Per ora il progetto culturale del Comune di Roma si riduce allo sgombero. Restano in campo le promesse e la speranza che davvero le istituzioni della cultura sappiano “istituzionalizzare” ciò che di buono e i novativo è stato costruito e sperimentato al Teatro Valle ma rimane il fatto che, anche nel campo della cultura, noi abbiamo bisogno di legislatori che sappiano declinare in leggi dello Stato le buone pratiche dei “movimenti” (parola bruttissima, abusata, svuotata e da rimettere il prima possibile nel cassetto degli slogan deturpato dalla politica).

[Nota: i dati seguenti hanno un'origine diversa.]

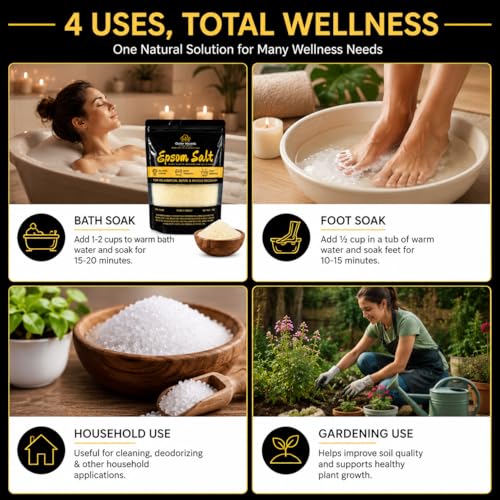 Image of Epsom Salt 1kg (99% Pure Magnesium Sulphate) for Bath Soak, Foot Soak, Muscle Recovery, Relaxation, Stress Relief & Home Gardening | Premium Bath Salt for Men & Women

Ha ragione quindi Montanari quando scrive che:
Negli ultimi decenni, anche in campo culturale le pubbliche amministrazioni hanno creato società e agenzie che permettessero di agire secondo procedure, e non di rado anche con finalità, di tipo privatistico (si pensi ad Arcus; o a Zétema, per restare a Roma). Qua si tratta di avviare un processo perfettamente speculare: studiare il modo in cui sia possibile che le istituzioni pubbliche ospitino al loro interno un modo più radicale (e dunque meno commerciale e meno lottizzato) di essere ‘pubblico’.
Si tratta di portare dentro ad un teatro pubblico un modo di fare, produrre, condividere teatro ispirato alla filosofia dei beni comuni. Se ci saranno abbastanza onestà intellettuale, fantasia e tenacia per farlo davvero, allora la storia del Valle Occupato sarà finita bene. E la Repubblica sarà un po’ più res publica.